Hi, my name is seth and i recently found this forum and after checking it out a few times ( everytime i log on  ) so i decided to join. I've kept the local mantids for a while. about 3 years. i thought they were chinese mantids but now i'm not so certain and think they may be carolina mantids. i never really thought that other people did this and so thinking i was just wierd i never looked around to fnd other people interested in them too. haha... Currently i have a male and a female who is looking very pregnant. both were wild caught. the male i found when he was pretty small he's molted 4 times since i found him. the last molt being to adult. the female was already an adult and i'm assuming anywhere from a couple days older to a few weeks older than the male. i plan on breeding them after she lays at least one ooth. i've read that i should assume she's been fertilized since she was wild caught. after that i want to move on to another possibly more interesting species. i'll be visiting this forum rather often now that i've found it. if anyone has any advice they think i might want to know particularly about their favorite species of mantids and their difficulty of keeping, i really appreciate advice and help.
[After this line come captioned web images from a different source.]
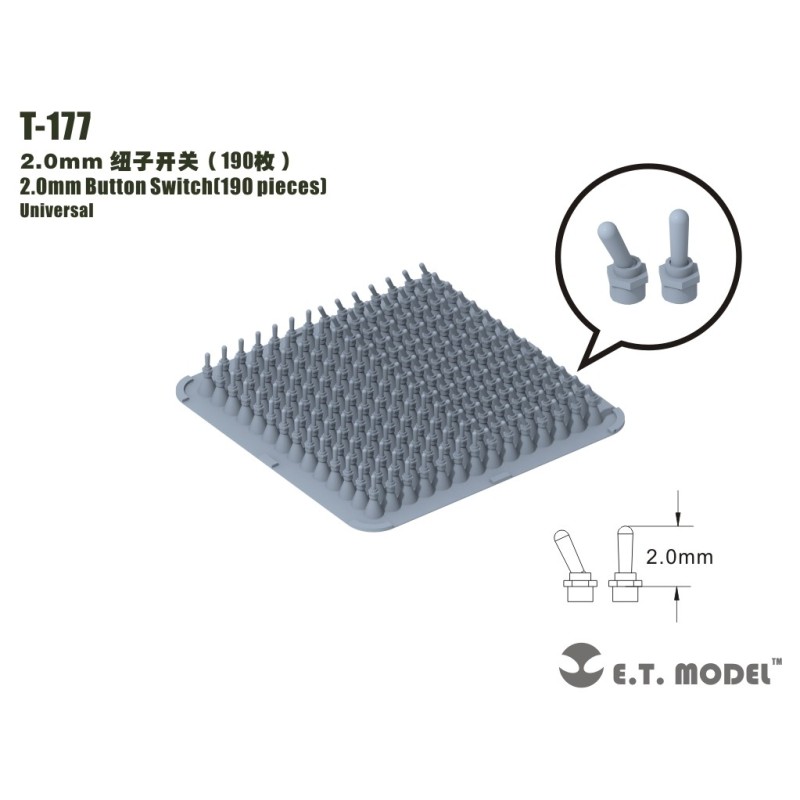 Interruptores ON-OFF, 2,0 mm.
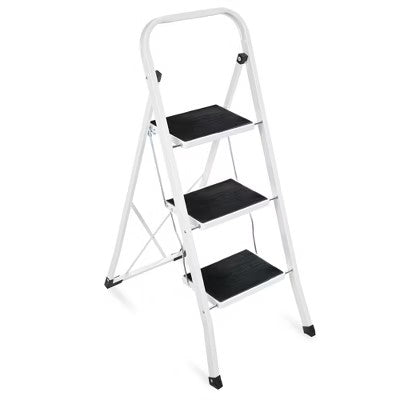 Best Choice Products 3 Step Ladder Folding Lightweight Step Stool for Home w/ Non-Slip Feet, Padded Steps, 330lb White - B7 - 1432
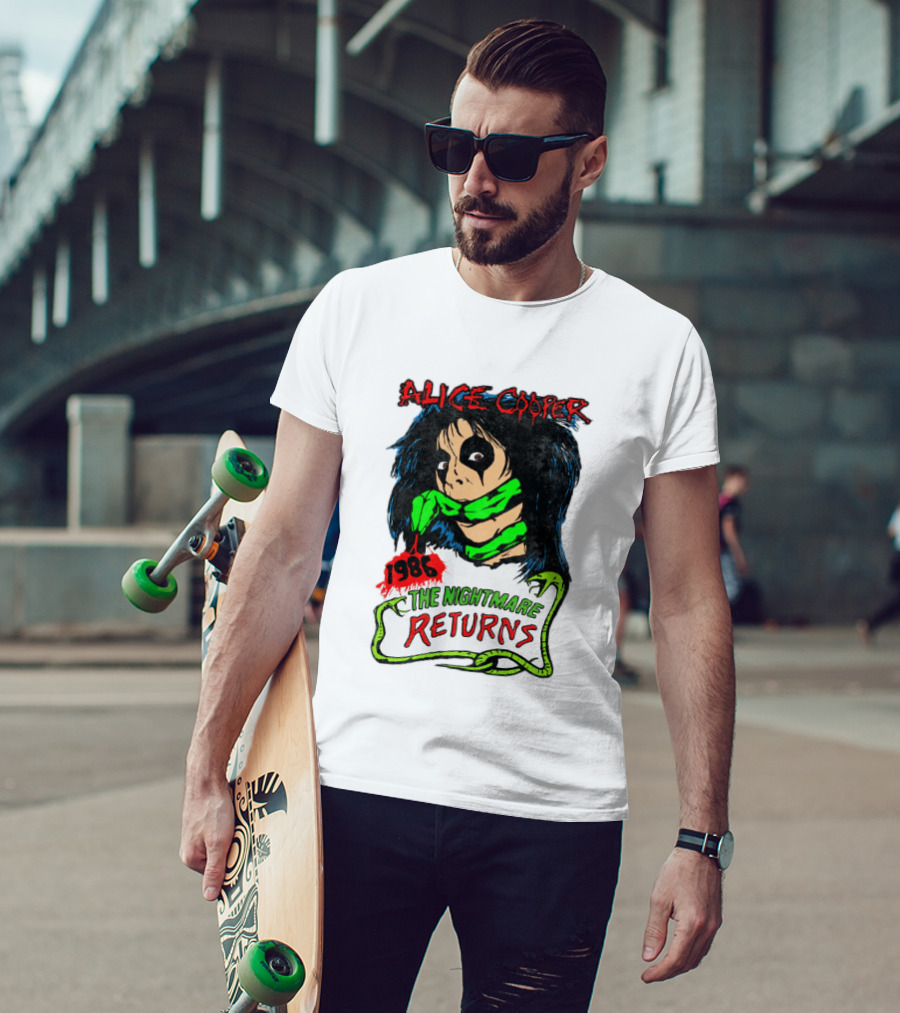 Alice Cooper The Nightmare Returns 1986 Constrictor Raglan T-Shirt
I know the locals are not very difficult to care for at all. thanks and you'll be hearing from me frequently im certain... BTW, im 17 and i'm a part time blacksmith. i got sort of caught up talking about the mantids and forgot to really introduce myself.


----------



## hibiscusmile (Sep 26, 2008)

:lol: Hi MantidKing, welcome to the Mantis forum, From Litchfield, Ohio, about an hour away!


----------



## Rick (Sep 26, 2008)

Welcome.


----------



## OGIGA (Oct 27, 2008)

Welcome, Seth!


----------